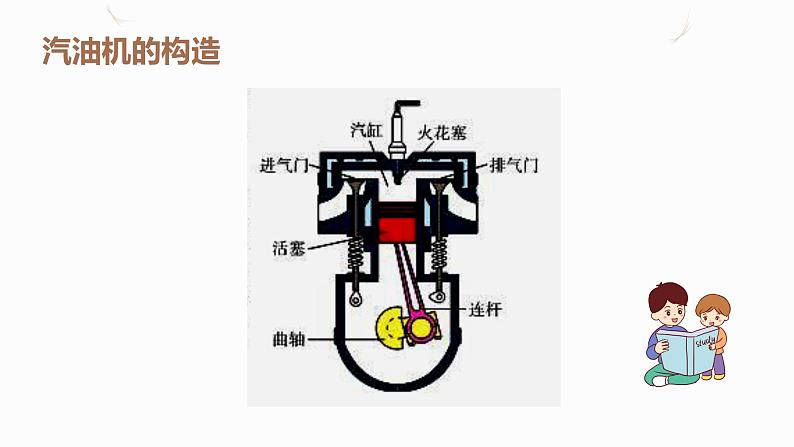 14.1热机（课件+教案+学案+练习）07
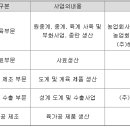 (주)싱그린에프에스 이미지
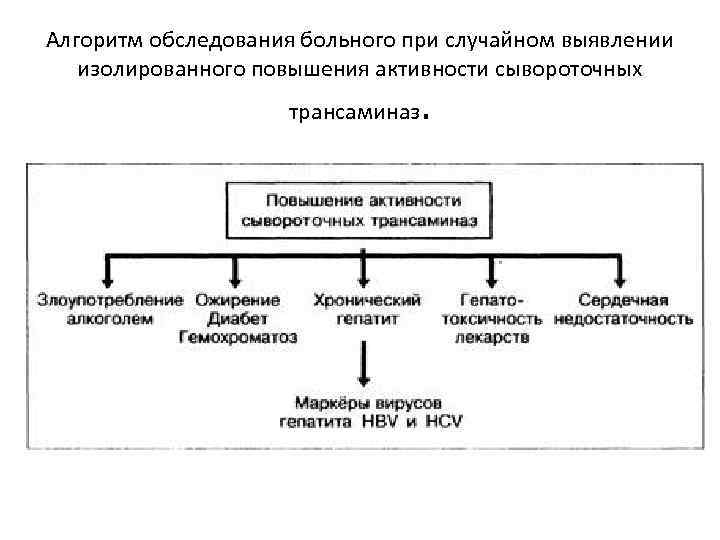 Алгоритм обследования больного при случайном выявлении изолированного повышения активности сывороточных трансаминаз . 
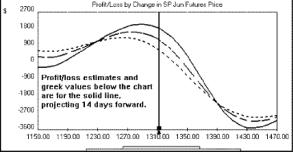 Тифомеев А. - Обмен стренгла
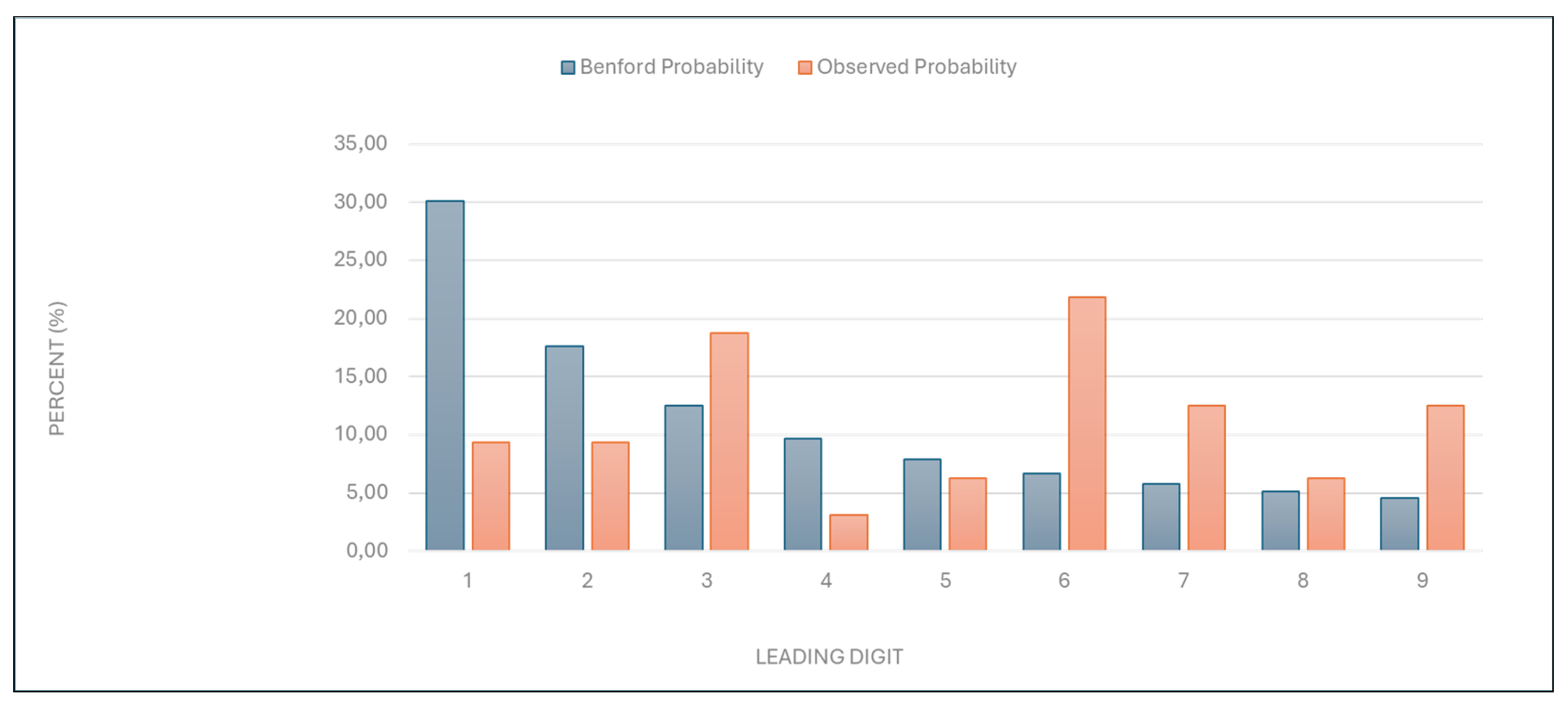Preprints 156174 g001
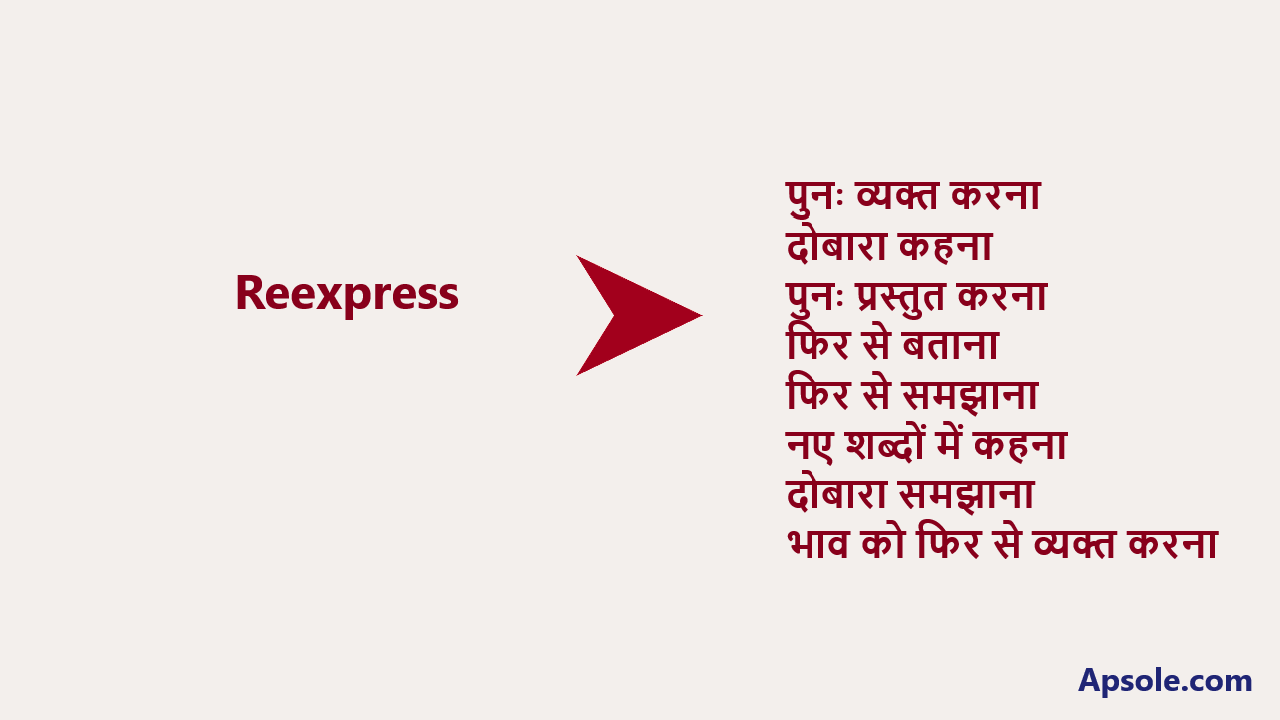 What is Reexpress in hindi, Reexpress meaning in hindi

_____

» What the task asks
Pictures are not part of the copy. Reproduce the lines from the one with "Preprints 156174 g001" through the end of the listing above.

» Solution to the exercise
Preprints 156174 g001
 What is Reexpress in hindi, Reexpress meaning in hindi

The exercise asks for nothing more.